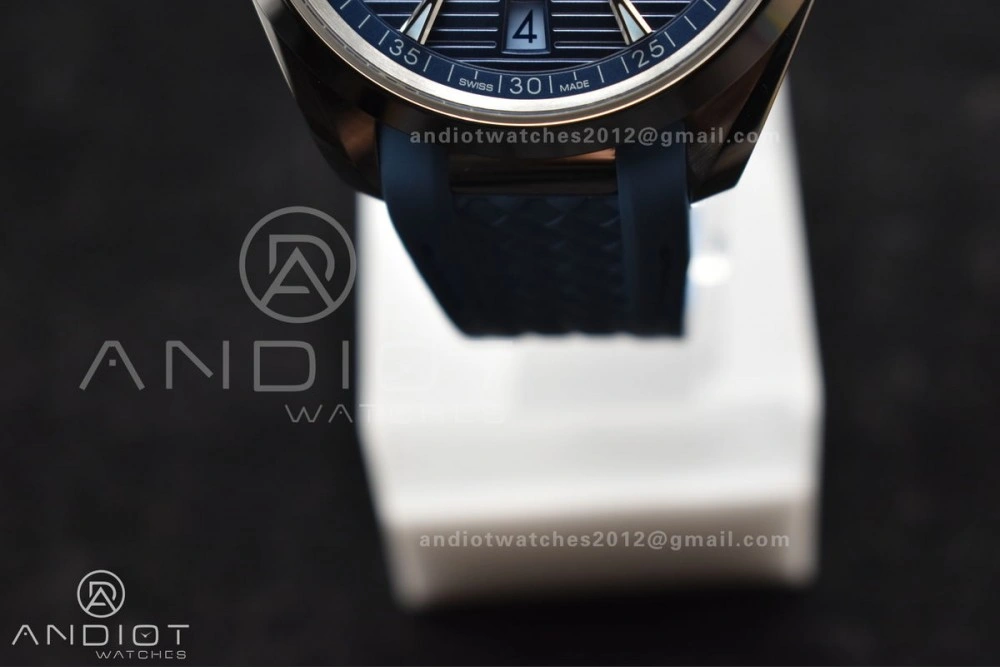Aqua Terra 41mm VSF 1:1 Best Edition Summer Blue Dial on Blue Rubber Strap A8900 Super Clone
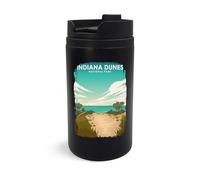 Indiana Dunes National Park USA - Taza de viaje, vaso de viaje, taza de café aislada, taza portátil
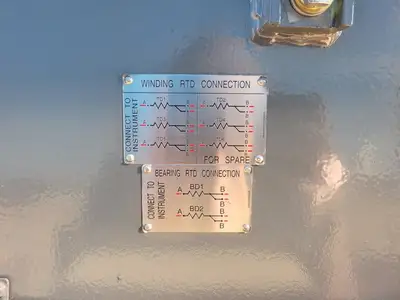 900 hp, 2300 volts, 3570 rpm, Electric Motor Type AMCA-UZ
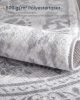 SONGMICS HOME Boho Kerek Szőnyeg Galambszürke Mandala Mintával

### Work to be completed
Please write every line above out exactly as given, except for any pictures.

### Worked solution
Aqua Terra 41mm VSF 1:1 Best Edition Summer Blue Dial on Blue Rubber Strap A8900 Super Clone
 Indiana Dunes National Park USA - Taza de viaje, vaso de viaje, taza de café aislada, taza portátil
 900 hp, 2300 volts, 3570 rpm, Electric Motor Type AMCA-UZ
 SONGMICS HOME Boho Kerek Szőnyeg Galambszürke Mandala Mintával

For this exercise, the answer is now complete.